• [What you have to do] Keep the lines exact and the pictures out as you repeat the following listing.

• [The data]
>>>

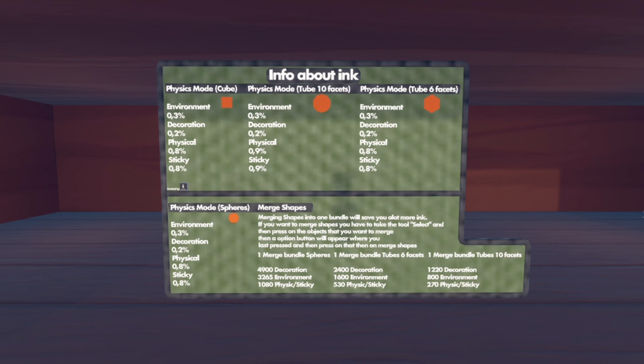10-facet tubes are really ink-heavy. I'd recommend that if you're building terrain that players just look at and don't walk on, always use tube 6 facets or spheres, and always use decoration. Decoration is the best way to save ink — really the best way.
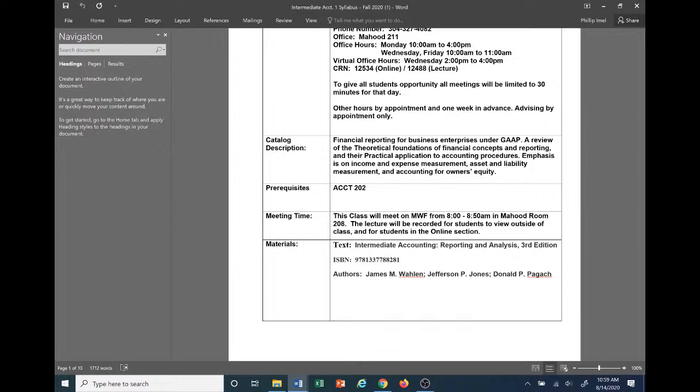The only material you'll need for this course is the textbook: Intermediate Accounting: Reporting and Analysis, Third Edition. The ISBN is 978-1-337-78828-1 — the ISBN is the most important part, as this ensures you're getting the correct text. The authors are Wahlen, Jones, and Pagach. Sorry if I mispronounce your name, but the main thing is the ISBN number.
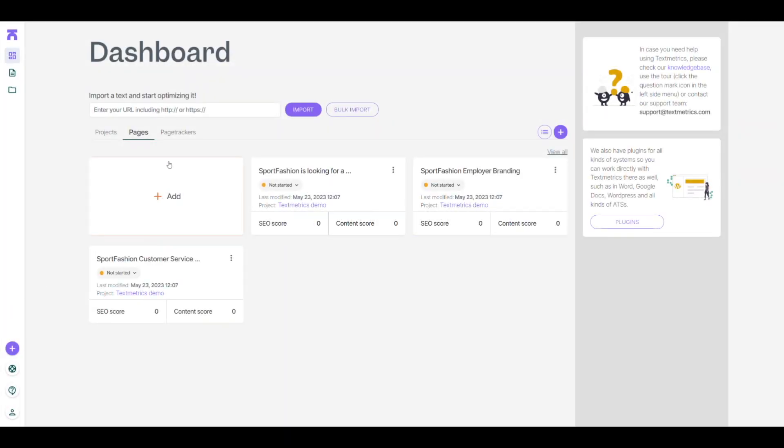Welcome to our product demonstration where we'll show you how our smart AI writing software works. First things first, open Text Metrics and the dashboard appears.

<<<

• [Expected output]
10-facet tubes are really ink-heavy. I'd recommend that if you're building terrain that players just look at and don't walk on, always use tube 6 facets or spheres, and always use decoration. Decoration is the best way to save ink — really the best way.
The only material you'll need for this course is the textbook: Intermediate Accounting: Reporting and Analysis, Third Edition. The ISBN is 978-1-337-78828-1 — the ISBN is the most important part, as this ensures you're getting the correct text. The authors are Wahlen, Jones, and Pagach. Sorry if I mispronounce your name, but the main thing is the ISBN number.
Welcome to our product demonstration where we'll show you how our smart AI writing software works. First things first, open Text Metrics and the dashboard appears.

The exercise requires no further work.